> **WHAT YOU ARE ASKED TO DO**
These records contain pictures, which must be left out; copy exactly the lines from the one with "Blush Ember Pink" up to and including the one with "Tangkula Set of".

# # # # #

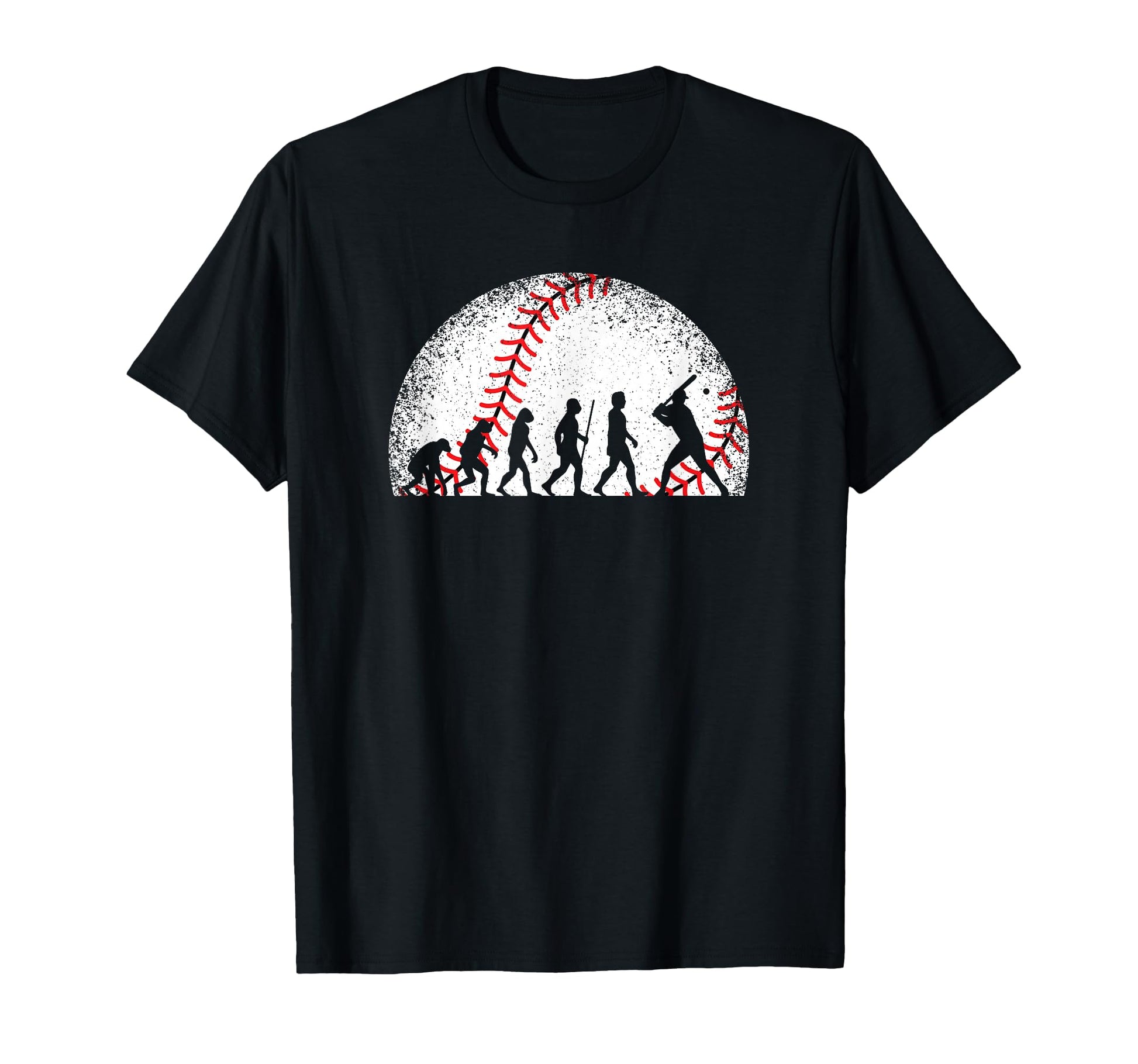 Baseball Evolution Baseball Player T-Shirt - Trendy Graphic Unisex - T-Shirt, Sweatshirt, Hoodie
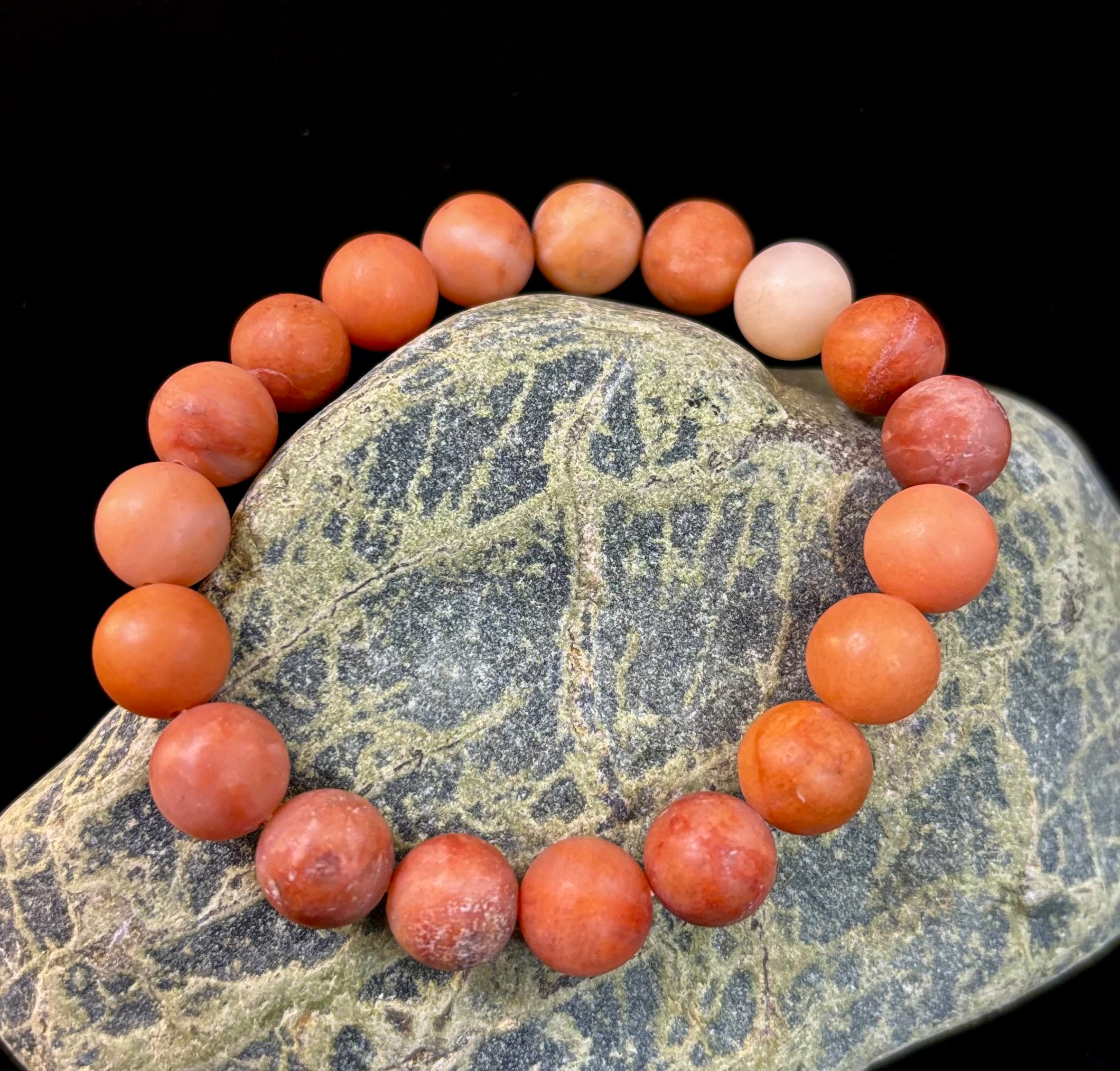 Blush Ember Pink Aventurine Bracelet – 10mm Matte Reiki-Infused Energy Bracelet (Medium Fit) | | Wiccan Center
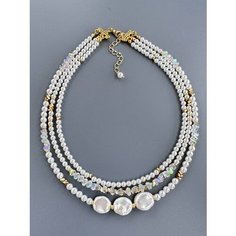 Колье Only Bijou, длина 42 см, Позолота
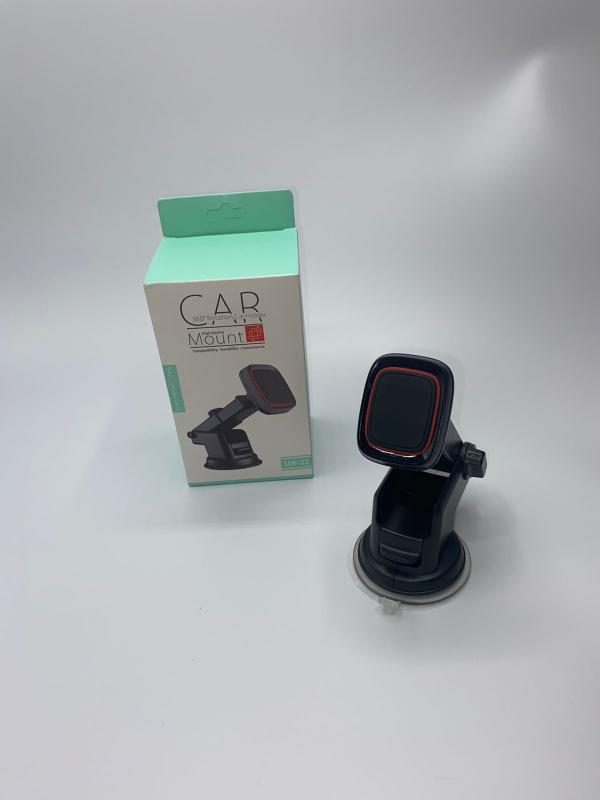 HOLDER PARA CARRO ESTILO DASH MODELO UN-37 NEGRO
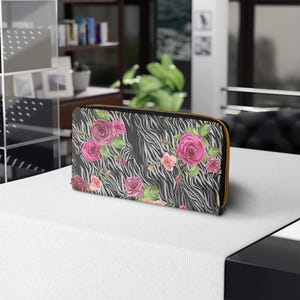 Floral Geldbörse, Damen Geldbörse, kleine Reißverschluss-Beutel, niedliche Geldbörse, Muttertagsgeschenk, Geschenk für sie, Floral Geldbörse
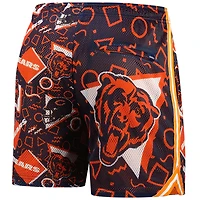 Short en maille bleu marine Chubbies pour homme des Chicago Bears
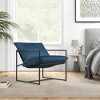 Tangkula Set of 2 Sling Accent Chair Indoor Outdoor Leisure Chair w/ Cushions - 3 of 4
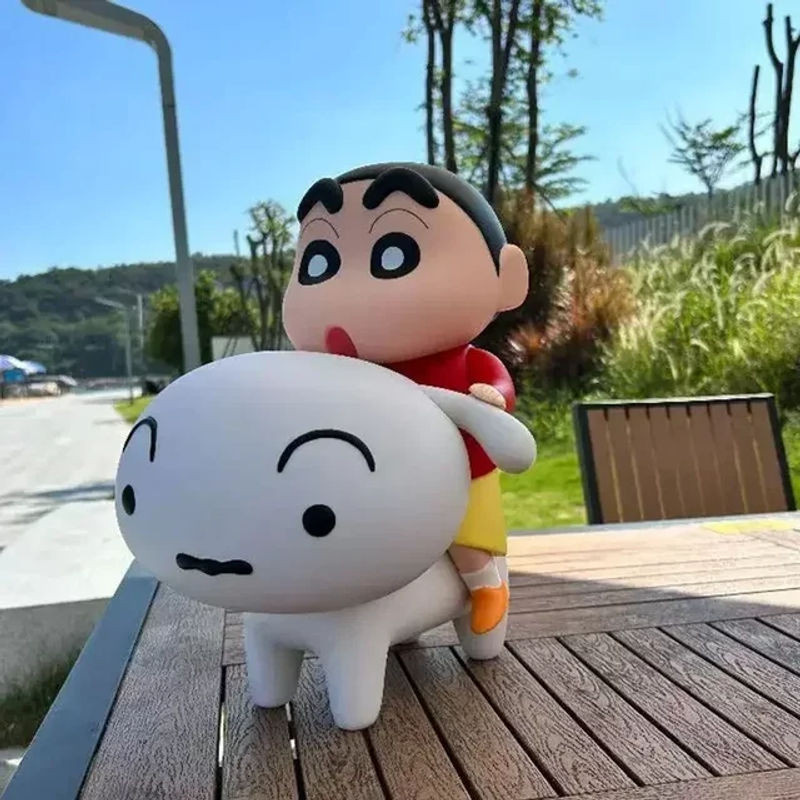 Bandai Crayon Shin-Chan Anime Actionfigur Nohara Shiro Ride Mehrfarbig aus Kunststoff - Bild 1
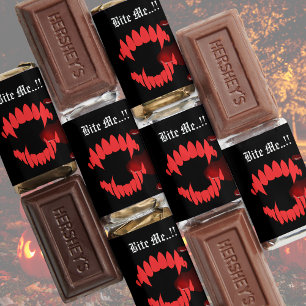 Vampires Bite Halloween Party Hershey's Miniatures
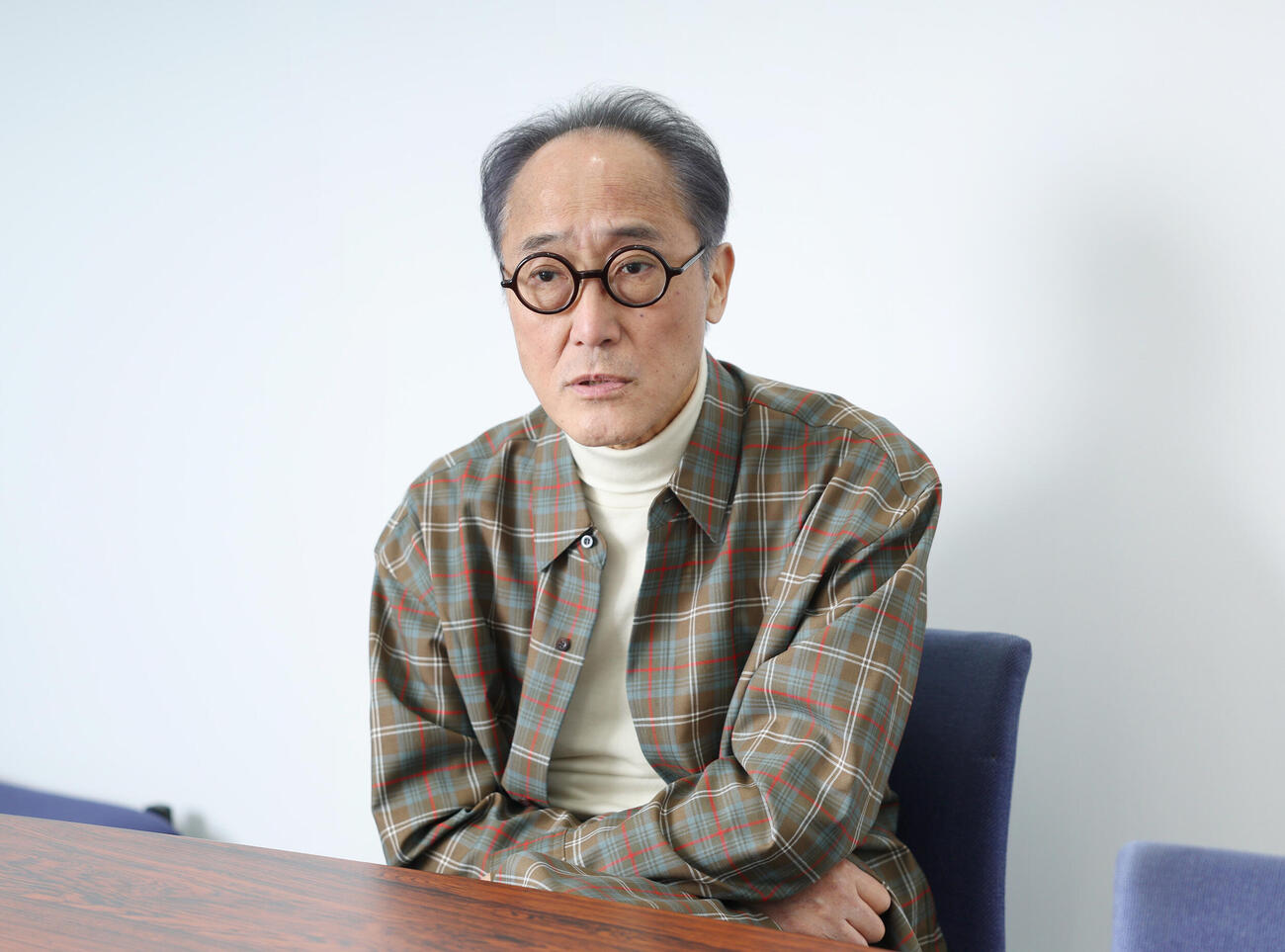 小泉八雲朗読の調べ「思ひ出の記～セツが語ったヘルンの怪談～」について語る佐野史郎（撮影・増田悦実）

# # # # #

> **TASK OUTPUT**
 Blush Ember Pink Aventurine Bracelet – 10mm Matte Reiki-Infused Energy Bracelet (Medium Fit) | | Wiccan Center
 Колье Only Bijou, длина 42 см, Позолота
 HOLDER PARA CARRO ESTILO DASH MODELO UN-37 NEGRO
 Floral Geldbörse, Damen Geldbörse, kleine Reißverschluss-Beutel, niedliche Geldbörse, Muttertagsgeschenk, Geschenk für sie, Floral Geldbörse
 Short en maille bleu marine Chubbies pour homme des Chicago Bears
 Tangkula Set of 2 Sling Accent Chair Indoor Outdoor Leisure Chair w/ Cushions - 3 of 4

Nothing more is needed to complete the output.